§ About this task:
Scan the data, and whenever a line contains "photo", copy it.

Records to process section start

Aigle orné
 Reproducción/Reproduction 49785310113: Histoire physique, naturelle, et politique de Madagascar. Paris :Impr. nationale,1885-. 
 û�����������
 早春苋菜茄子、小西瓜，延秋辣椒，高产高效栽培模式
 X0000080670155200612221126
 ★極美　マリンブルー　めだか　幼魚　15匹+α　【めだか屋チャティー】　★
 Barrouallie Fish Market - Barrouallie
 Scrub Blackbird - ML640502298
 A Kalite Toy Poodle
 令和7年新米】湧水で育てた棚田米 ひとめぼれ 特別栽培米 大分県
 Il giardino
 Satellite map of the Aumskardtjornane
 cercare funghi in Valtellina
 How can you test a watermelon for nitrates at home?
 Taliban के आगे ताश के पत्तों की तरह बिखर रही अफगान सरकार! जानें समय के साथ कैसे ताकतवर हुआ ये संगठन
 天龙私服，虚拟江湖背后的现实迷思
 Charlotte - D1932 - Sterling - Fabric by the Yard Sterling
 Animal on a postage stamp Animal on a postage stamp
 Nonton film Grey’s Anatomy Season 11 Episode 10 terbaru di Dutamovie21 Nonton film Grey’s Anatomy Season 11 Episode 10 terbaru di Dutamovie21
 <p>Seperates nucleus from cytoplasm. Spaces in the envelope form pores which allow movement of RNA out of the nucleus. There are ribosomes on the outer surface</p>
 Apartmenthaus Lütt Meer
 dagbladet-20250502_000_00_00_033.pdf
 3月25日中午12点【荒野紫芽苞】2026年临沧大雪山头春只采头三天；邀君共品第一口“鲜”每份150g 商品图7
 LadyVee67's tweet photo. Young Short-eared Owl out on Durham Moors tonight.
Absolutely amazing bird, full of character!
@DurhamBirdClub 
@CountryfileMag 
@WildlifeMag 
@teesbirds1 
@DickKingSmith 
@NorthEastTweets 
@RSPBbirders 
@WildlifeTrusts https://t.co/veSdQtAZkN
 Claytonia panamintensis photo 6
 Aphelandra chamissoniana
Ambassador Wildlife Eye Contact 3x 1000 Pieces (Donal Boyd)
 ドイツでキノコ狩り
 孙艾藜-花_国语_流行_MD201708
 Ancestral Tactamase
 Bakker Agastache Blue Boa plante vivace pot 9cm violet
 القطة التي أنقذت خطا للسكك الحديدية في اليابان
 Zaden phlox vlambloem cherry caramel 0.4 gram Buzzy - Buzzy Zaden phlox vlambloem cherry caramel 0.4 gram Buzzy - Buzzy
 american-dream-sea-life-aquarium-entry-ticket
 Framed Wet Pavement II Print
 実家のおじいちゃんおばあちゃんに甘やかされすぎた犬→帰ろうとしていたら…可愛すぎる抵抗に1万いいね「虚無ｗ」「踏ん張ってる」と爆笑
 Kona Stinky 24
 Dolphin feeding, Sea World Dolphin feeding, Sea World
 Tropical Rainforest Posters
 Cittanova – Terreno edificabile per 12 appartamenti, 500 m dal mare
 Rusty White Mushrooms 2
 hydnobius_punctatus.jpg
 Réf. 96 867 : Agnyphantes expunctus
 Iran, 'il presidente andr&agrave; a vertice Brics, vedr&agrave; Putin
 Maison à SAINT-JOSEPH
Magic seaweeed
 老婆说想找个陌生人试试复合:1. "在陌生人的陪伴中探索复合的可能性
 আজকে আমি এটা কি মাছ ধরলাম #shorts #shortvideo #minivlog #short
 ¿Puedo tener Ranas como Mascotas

Records to process section end

§ Response area:
 LadyVee67's tweet photo. Young Short-eared Owl out on Durham Moors tonight.
 Claytonia panamintensis photo 6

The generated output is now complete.